Так что про штампы можно рассуждать сколько угодно, но гении, владеющие этими штампами, – непредсказуемы. У Евстигнеева было столько театральных финтов, он так ухитрялся обманывать партнеров и публику – диву даешься. Я видел, как на одном спектакле – его снимало Российское телевидение, – Женя забыл текст во втором акте, когда Глов лежит на кровати. Я стоял за кулисами и видел этот момент. Что же он вытворял! Как приспосабливал свое сценическое существование к вынужденной паузе, как старался найти нужное самочувствие, чтобы текст пошел! Но при этом было полное ощущение того, что пауза эта единственно необходима, что без нее просто не может быть спектакля. Он существовал беспредельно органично, на биологическом уровне. Может быть, люди, которые долго работали с ним, и видели швы в его работе, «белые нитки», – я их никогда не замечал.

Первого марта, в день последнего спектакля, он себя очень плохо чувствовал. И тем не менее пришел, как всегда, смотреть мой эпизод. Сел за кулисами на стульчик. Я перед выходом ему говорю: «Ну что ты сидишь, все уже видел, пойди полежи, ты плохо себя чувствуешь…» – «Нет-нет, я хочу посмотреть отсюда…» Ему наверное, было важно, чтобы перед операцией все было как всегда. После спектакля я повез его домой, познакомив с одним человеком из Шереметьева, который должен был его назавтра встретить и проводить в самолет, – хотелось как-то разрядить напряжение ожидания операции. Этот человек встретил его, пересадил в первый класс (у Жени были билеты в экономический), и они еще сидели два часа и разговаривали: самолет задержался с вылетом. Через несколько дней этот же человек встречал гроб с телом Жени…

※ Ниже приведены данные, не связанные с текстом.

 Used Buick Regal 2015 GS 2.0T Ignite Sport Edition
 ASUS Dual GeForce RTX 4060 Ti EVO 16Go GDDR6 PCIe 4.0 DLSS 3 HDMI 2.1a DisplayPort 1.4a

Я не встречал ни одного человека – ни одного! – у которого не было бы теплого отношения к Евстигнееву. Ни реакционера, ни демократа. Он был гений. То есть он был над всей нашей обычной суетой, над политическими дрязгами, повседневной грязью, пустыми склоками и дешевыми декларациями. Отдельный человек. Инопланетянин из Нижнего Новгорода.